The soldier on the ground clambered back to his feet and delivered a crushing blow to the fine-boned face, smashing lips against teeth, a fine spray of blood flowing outwards from the motion.
Stunned, Blair hung limp for a moment in the soldier's grasp as the third checked the officer on the ground. Straightening up from the crumpled body, his face hardened in fury as Simon reached with agonised slowness for his gun, delivering another vicious blow to the Maquisard's stomach
Simon forced his fingers to reach further, slipping a little, losing his grasp as his arm crept along the ground. His hand encountered still warm flesh, slightly clammy from the cool night air. Too big for an animal, it had to be Joel. Fumbling up the still body, he whispered an urgent entreaty, calling for the older man to get up, get moving. Then his questing hand brushed against the right side of Taggert's head, damp and spattered with what felt like squishy mud. The bloody mess where the left side used to be.
Swallowing his sorrow down as far as it went, he forced his hand to crawl across the still body, finally grasping Joel's weapon.
The pain from the blow seemed to have revived Blair's battered spirit and he raised his head, spitting on the hated uniform, fighting the hands that held him. But the struggles were weaker now, little more than a token protest that had no real hope for escape as he was dragged toward the waiting truck.
Grasping the gun in both hands, Simon raised it, resting it on the edge of the rock so that his aim wouldn't be spoiled by the tears sheeting down his face, the trembling in his body as he focused on the struggling figure between the black uniforms. With a dead soul, he thumbed back the hammer, finger twitching on the trigger. It was up to him. He was the only one who could save Blair. Give him a quick, merciful death with a single shot, instead of a messy, screaming, painful one in an interrogation room.

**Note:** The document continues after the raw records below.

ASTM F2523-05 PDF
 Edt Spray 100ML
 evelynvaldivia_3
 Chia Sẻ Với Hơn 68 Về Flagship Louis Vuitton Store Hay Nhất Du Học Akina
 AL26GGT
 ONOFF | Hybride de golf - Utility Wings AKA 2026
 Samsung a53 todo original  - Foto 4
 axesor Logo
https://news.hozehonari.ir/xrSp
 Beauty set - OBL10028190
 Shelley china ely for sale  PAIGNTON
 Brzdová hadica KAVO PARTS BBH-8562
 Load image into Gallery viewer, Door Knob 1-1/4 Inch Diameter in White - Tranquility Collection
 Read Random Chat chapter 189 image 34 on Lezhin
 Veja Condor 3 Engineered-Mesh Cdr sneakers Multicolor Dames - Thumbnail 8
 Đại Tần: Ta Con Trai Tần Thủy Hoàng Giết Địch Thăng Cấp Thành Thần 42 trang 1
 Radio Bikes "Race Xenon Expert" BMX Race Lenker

One shot. That was all he had left.
He focused with startling clarity on the smaller man, and somehow Blair knew, he stopped fighting, standing still in the middle of the clearing, a perfect shot for a man used to shooting moving targets.
One shot.
Simon waited, drawing a bead, waiting until the shot felt right, knowing he couldn't miss. It was the least he could do for a friend.
One shot.
Closing his eyes and murmuring a prayer, Simon pulled the trigger.